Ekibime hep şunları söylüyorum: Sizin de iyi olduğunuz noktalar vardır. LR’da bunları ön plana çıkarmaya çalışın. Ben iyi yazarım ama ağzım iyi laf yapmaz. Sen belki iyi yazamazsın ama bir kahve içelim der, kişinin ağzından girer burnundan çıkarsın 🙂 Mevcut işinin sana sağladığı tecrübe ve yeteneklerin var, onları LR’da kullan. Ben erkeğim, yapıyorum, sen kadınsın daha iyi yaparsın. Ben ürünleri okudum, araştırdım, öğrendim; istersen sen de öğrenirsin, zor değil. Benim de ilk ay primim 50 liraydı. Ben de 1000 tane hayır duydum. Onun da kocası istemiyordu. Bak o da senin gibi öğretmen. Bak bu da ufak bir şehirde yaşıyor ama kocaman bir ekibi var…
Kendime ise hep şunları hatırlatıyorum: Sana “lider” ünvanını şirket verdi. Ama ünvanla değil; yol göstermekle, liderler çıkartmakla lider olunur. İşini doğru yapmaya, hatalardan dersler çıkarmaya, her fırsatta daha çok öğrenmeye çalış. Yüksel ama yüksekten bakma. Ben değil, biz ol. Empati kur!
Zamanında çok blog yazdığım için bu grubu da biraz kişisel yayın aracım olarak kullanıyorum. Dolayısıyla burada yazdıklarım hem eleştiri, hem de bu işi yaptığım için bir öz eleştiridir. Yazıyorum ki kayıt altına alayım, bu hataları yaparsam dönüp eski “ben”i hatırlayayım 🙂 Anafikir ise hepimiz için geçerli: İyi bir lider olmak istiyorsanız liderlerinizi sevin, saygı duyun, örnek alın, alkışlayın. Ama herşeyin fazlasının zarar olduğunu da unutmayın; hem lideriniz, hem de sizin için…
Yazımı sık sık alıntı yaptığım ve bazı görüşlerini kafama kazımaya çalıştığım Robin Sharma’nın ‘Liderlik Bilgeliği’ kitabından bir bölümle tamamlayayım:
İleri görüşlü liderler, doğru görünmekten ziyade doğru olanı yapmayı önemserler.

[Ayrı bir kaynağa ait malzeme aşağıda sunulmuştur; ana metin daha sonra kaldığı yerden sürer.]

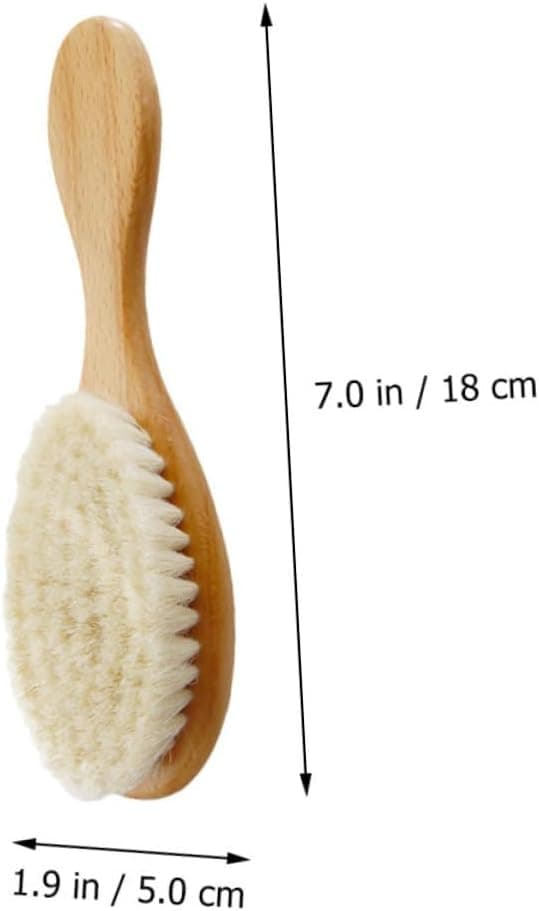 2 pcs wool baby brushes for infants, solid wood handle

Liderliklerini, bütün hissedarları memnun etmeleri gereken bir popülerlik yarışması olarak görmezler. Herkesin çıkarlarını hesaba katan çok net bir gelecek odakları vardır ve muntazam şekilde buna doğru ilerlerler. Vizyonları bir deniz feneri işlevini görür; etrafını saran girdapta, takip etmeleri gereken yolu aydınlatır. Liderlikleri derin köklere sahip ilkelere dayanır; amaçlarını ve içlerindeki ateşi körükleyen ilkelere. Söyledikleri ile yaptıkları uyumludur-kişilikleri tutarlıdır. Namuslu bir lider, dudaklarının kalbine ihanet etmesine asla izin vermez ve her zaman hareketlerine ilkelerinin yol göstermesine olanak tanır. İlkeli bir lider ol Peter. Kendinden daha büyük bir şeyi temsil et. İnsanlar sana saygı duymaya başlayacaklardır.